§ **Instructions for the task**
A line qualifies if it holds the string "Figure". Copy every qualifying line from the records.

§ **Supplied data**
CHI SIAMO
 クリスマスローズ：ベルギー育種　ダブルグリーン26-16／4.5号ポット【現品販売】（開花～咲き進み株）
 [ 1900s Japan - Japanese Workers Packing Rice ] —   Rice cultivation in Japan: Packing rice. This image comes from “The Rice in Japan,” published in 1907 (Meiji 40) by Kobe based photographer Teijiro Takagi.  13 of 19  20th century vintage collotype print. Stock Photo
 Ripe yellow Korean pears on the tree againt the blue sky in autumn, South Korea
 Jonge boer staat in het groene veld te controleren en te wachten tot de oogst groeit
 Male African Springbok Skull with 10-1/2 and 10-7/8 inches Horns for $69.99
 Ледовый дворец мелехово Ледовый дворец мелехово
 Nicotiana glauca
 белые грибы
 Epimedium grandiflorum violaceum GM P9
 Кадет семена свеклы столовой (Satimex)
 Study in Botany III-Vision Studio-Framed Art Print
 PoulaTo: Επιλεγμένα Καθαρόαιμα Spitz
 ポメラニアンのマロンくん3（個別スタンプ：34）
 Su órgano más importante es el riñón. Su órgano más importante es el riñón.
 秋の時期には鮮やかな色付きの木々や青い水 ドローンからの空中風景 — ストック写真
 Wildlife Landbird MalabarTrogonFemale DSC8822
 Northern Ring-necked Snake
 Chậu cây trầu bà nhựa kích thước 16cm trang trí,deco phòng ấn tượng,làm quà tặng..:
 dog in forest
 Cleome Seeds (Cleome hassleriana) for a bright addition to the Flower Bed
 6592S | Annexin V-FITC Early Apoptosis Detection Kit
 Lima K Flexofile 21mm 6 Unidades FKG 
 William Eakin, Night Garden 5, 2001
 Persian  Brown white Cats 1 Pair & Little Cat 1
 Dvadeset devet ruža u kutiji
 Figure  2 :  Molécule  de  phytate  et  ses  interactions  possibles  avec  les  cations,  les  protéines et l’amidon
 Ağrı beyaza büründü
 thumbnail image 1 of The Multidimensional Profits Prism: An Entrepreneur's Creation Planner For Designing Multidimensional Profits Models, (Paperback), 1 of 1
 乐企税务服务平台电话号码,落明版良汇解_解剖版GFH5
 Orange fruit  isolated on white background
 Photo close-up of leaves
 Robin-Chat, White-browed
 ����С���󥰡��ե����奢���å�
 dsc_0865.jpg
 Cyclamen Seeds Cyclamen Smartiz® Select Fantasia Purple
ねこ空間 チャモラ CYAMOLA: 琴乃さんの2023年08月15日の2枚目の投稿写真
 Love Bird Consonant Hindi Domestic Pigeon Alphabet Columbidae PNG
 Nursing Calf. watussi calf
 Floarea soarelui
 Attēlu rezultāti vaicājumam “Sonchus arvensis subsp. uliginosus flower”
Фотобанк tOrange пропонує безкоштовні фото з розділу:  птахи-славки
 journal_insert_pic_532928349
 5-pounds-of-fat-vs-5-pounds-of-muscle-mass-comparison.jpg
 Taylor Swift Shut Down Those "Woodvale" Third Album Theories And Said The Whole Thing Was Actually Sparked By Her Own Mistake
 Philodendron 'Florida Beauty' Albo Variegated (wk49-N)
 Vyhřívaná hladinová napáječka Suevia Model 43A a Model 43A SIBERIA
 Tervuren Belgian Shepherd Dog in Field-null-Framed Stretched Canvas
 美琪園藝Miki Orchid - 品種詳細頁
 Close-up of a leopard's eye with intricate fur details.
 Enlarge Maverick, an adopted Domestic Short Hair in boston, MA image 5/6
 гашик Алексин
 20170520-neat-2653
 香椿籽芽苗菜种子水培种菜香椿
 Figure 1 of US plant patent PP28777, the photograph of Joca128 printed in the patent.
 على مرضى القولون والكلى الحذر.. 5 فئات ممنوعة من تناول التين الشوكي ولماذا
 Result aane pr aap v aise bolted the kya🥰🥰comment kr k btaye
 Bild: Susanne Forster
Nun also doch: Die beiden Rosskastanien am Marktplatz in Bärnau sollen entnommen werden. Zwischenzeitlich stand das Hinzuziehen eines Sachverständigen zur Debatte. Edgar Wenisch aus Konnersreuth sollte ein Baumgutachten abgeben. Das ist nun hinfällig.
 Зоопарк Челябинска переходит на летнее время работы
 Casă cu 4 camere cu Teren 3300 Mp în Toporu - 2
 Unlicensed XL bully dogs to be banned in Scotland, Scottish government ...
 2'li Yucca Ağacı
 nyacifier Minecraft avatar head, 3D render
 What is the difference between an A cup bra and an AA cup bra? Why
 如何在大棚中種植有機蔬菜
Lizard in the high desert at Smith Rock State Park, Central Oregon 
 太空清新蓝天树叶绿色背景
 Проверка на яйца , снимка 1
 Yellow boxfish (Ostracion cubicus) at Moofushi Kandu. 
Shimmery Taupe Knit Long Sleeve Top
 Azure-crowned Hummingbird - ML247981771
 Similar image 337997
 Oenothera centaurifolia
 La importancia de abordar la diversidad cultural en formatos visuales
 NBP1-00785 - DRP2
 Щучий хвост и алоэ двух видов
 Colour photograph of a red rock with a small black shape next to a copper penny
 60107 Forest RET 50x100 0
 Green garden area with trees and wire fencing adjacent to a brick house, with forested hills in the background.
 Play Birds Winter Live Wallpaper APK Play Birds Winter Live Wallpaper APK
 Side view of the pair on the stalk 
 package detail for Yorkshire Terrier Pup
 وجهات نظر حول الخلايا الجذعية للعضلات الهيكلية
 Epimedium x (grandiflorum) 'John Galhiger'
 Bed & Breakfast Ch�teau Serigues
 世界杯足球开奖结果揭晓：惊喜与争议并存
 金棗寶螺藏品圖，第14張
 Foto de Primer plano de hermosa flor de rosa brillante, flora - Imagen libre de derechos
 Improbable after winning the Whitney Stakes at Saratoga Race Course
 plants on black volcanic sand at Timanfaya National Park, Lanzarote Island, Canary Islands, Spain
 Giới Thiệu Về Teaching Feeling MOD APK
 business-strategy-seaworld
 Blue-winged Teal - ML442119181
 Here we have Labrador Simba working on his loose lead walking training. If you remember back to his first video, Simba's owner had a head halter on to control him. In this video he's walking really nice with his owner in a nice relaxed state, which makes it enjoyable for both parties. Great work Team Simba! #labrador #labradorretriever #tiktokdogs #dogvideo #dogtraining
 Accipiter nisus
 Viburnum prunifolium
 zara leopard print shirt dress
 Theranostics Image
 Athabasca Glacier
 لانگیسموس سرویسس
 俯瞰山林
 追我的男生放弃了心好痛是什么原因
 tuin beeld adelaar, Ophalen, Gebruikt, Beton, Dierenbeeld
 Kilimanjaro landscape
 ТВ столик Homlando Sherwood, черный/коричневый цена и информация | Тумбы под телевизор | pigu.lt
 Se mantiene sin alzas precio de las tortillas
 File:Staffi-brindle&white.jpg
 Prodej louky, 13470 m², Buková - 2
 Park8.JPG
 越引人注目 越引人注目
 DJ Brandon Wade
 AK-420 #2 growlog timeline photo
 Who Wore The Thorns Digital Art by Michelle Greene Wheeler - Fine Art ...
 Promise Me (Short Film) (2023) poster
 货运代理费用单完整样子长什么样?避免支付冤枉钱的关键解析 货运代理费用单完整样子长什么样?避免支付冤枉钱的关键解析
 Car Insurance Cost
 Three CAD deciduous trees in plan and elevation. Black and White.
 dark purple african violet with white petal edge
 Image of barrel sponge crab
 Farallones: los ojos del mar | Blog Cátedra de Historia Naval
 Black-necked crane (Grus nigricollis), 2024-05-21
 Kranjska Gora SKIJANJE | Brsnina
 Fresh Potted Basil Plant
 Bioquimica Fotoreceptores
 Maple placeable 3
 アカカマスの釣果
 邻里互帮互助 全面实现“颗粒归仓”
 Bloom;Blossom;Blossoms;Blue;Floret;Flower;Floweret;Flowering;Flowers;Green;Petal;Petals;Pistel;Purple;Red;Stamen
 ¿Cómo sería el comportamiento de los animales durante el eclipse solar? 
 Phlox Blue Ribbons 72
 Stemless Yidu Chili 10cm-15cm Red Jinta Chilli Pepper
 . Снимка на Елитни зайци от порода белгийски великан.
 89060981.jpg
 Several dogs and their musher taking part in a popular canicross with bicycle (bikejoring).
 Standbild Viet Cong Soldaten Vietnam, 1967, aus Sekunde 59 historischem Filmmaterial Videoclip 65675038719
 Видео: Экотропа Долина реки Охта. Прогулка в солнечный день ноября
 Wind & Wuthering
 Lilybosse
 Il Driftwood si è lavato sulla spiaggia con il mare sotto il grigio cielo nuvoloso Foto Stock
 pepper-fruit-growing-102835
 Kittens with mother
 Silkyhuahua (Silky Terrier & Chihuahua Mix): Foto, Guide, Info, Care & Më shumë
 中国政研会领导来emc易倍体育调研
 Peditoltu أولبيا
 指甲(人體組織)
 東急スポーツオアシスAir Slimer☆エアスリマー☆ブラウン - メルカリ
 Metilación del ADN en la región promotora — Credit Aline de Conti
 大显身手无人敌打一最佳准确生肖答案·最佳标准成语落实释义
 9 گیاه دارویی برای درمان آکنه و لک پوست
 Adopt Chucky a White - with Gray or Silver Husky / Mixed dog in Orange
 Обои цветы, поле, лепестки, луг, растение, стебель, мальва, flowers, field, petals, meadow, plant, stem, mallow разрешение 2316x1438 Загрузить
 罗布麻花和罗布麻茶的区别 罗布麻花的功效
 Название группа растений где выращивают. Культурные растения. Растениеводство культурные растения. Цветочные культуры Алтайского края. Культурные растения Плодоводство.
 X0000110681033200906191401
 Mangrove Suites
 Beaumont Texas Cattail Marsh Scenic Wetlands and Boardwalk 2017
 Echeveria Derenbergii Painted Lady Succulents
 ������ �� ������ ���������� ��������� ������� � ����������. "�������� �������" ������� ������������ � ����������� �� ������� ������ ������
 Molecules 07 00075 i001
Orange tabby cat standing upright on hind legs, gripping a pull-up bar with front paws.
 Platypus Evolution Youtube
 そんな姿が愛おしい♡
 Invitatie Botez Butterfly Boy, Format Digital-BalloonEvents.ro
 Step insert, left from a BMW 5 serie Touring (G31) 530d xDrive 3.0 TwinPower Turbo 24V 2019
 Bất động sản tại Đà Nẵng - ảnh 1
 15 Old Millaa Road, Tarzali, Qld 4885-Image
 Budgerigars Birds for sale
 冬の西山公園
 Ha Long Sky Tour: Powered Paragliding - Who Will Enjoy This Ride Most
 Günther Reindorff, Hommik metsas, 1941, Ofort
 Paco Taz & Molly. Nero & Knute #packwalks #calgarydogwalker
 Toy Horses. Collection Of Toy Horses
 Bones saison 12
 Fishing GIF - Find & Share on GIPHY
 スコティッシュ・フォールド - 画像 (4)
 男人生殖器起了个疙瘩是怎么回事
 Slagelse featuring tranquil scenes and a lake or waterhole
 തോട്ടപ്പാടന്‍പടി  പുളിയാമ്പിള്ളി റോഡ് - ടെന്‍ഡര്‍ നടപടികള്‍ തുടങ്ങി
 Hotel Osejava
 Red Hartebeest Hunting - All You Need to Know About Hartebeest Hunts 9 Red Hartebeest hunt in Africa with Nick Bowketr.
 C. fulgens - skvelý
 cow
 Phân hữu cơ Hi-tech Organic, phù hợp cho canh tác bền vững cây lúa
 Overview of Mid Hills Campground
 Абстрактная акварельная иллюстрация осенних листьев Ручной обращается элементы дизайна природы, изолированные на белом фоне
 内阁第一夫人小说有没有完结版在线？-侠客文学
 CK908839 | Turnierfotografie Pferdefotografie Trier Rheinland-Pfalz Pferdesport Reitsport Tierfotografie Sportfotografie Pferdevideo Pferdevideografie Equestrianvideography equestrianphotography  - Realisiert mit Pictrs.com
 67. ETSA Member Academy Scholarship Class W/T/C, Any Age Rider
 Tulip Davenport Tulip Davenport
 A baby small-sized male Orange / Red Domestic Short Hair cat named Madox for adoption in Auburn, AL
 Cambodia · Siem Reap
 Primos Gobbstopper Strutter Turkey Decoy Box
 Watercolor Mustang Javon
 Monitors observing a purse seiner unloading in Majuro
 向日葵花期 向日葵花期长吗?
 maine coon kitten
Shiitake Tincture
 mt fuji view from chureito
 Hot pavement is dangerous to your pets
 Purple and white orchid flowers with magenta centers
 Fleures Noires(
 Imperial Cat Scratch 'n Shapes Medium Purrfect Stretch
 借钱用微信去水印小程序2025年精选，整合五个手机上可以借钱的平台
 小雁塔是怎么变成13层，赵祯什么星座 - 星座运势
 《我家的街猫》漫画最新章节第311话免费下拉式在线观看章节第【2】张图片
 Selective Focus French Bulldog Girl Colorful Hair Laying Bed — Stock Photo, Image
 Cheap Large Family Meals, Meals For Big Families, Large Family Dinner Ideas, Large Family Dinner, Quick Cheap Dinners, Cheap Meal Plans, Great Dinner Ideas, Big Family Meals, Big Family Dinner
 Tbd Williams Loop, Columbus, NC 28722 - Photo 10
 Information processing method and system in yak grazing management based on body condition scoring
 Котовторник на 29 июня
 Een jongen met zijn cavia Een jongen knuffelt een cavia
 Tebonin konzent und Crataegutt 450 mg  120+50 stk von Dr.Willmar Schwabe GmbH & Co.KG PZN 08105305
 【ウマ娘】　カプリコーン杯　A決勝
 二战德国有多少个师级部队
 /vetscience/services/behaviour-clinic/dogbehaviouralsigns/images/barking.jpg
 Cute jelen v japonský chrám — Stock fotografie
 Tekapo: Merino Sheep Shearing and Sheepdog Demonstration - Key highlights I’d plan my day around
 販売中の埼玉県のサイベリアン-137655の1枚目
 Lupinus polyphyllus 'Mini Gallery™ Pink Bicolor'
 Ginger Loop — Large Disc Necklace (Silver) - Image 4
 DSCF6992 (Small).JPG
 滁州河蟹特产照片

§ **Answer section**
 Figure  2 :  Molécule  de  phytate  et  ses  interactions  possibles  avec  les  cations,  les  protéines et l’amidon
 Figure 1 of US plant patent PP28777, the photograph of Joca128 printed in the patent.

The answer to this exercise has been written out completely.